The data >>
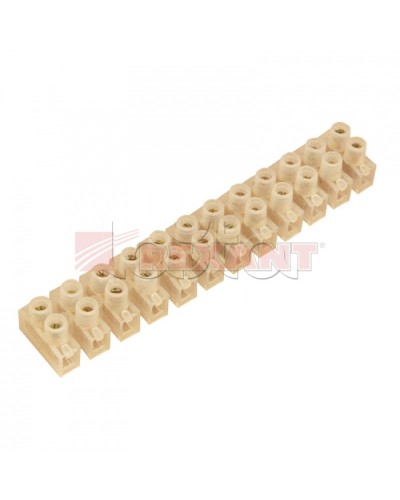 Колодка клеммная КВ-6 6А 6мм² (10шт/уп) REXANT 07-5006 в Таганроге Аксессуары для кабель-канала Pintop.ru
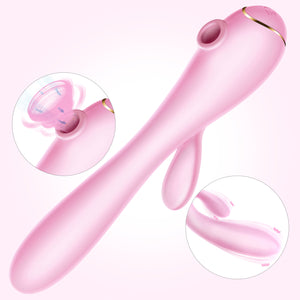 Erocome Apus Rabbit Clitoral Air Stimulator and G-spot Vibrator Pink Buy in Singapore LoveisLove U4Ria 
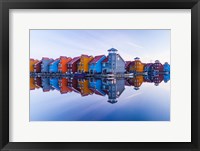 Framed Colored Homes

What the task requires >>
The reply should hold every line of the material above, unchanged, and no pictures.

Answer box >>
 Колодка клеммная КВ-6 6А 6мм² (10шт/уп) REXANT 07-5006 в Таганроге Аксессуары для кабель-канала Pintop.ru
 Erocome Apus Rabbit Clitoral Air Stimulator and G-spot Vibrator Pink Buy in Singapore LoveisLove U4Ria 
 Framed Colored Homes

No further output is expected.